A UnitedHealth subsidiary operating in New Jersey failed to properly prevent fraud from the state's Medicaid program, according to a report from the New Jersey Office of the State Comptroller.
Specifically, UnitedHealthcare Community Plan of New Jersey didn't hire and train enough fraud investigators, which violates its contract with the state, the report found. The comptroller's review also determined UnitedHealth "overstated" its staff levels and didn't require its special investigations unit to focus on fraud detection.
The comptroller's office pointed to the fact that UnitedHealth only recovered $1.6 million in improper Medicaid payments in 2009 and 2010--less than $1 for every $1,000 it received in tax money for the program.
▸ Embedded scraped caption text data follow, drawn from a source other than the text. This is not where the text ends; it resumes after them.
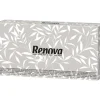Renova BLK Maxi ansiktsservetter 100st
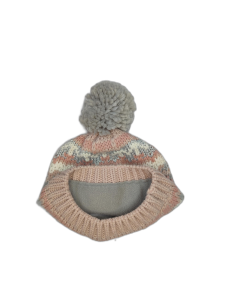Sieviešu cepure - Mantaray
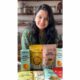 Healthy & Quick Lunchbox Hack for Moms Power Up with Millets!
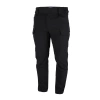 Штани нейлон + спандекс XXL/58, щільність 190г/м², DEDRA BH34SP-XXL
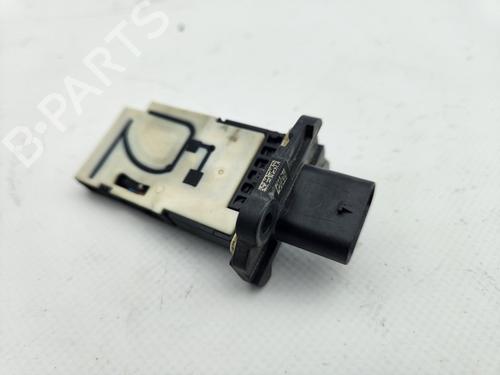 mass-air-flow-sensor-ford-tourneo-courier-b460-mpv-2014-33161347 main image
Meanwhile, the comptroller's own Medicaid fraud unit recovered more than $100 million in improper payments in 2012, reported The Star-Ledger.
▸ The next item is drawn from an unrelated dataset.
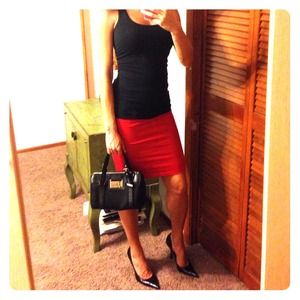 Authentic Dior bag. No trades. Price reduced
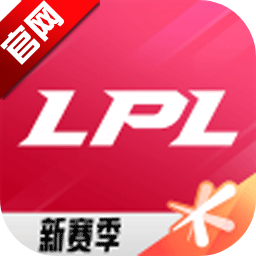 英雄联盟电竞经理官方正版手游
"With billions of tax dollars flowing through New Jersey's Medicaid program, our state relies on its Medicaid HMOs to fulfill their oversight responsibilities in an aggressive manner," Comptroller Matthew Boxer said Wednesday in a statement. "This is another audit that shows an HMO failing to live up to requirements designed to combat fraud and lower state Medicaid costs."
In response to the audit, UnitedHealth said it would correct most of the problems identified, including changing its staffing levels and training procedures. The company also will ensure "all investigative activities will be conducted by trained SUI (special investigations unit) investigators," UnitedHealth's Vice President for Investigations Richard Munson wrote in a letter included in the audit report.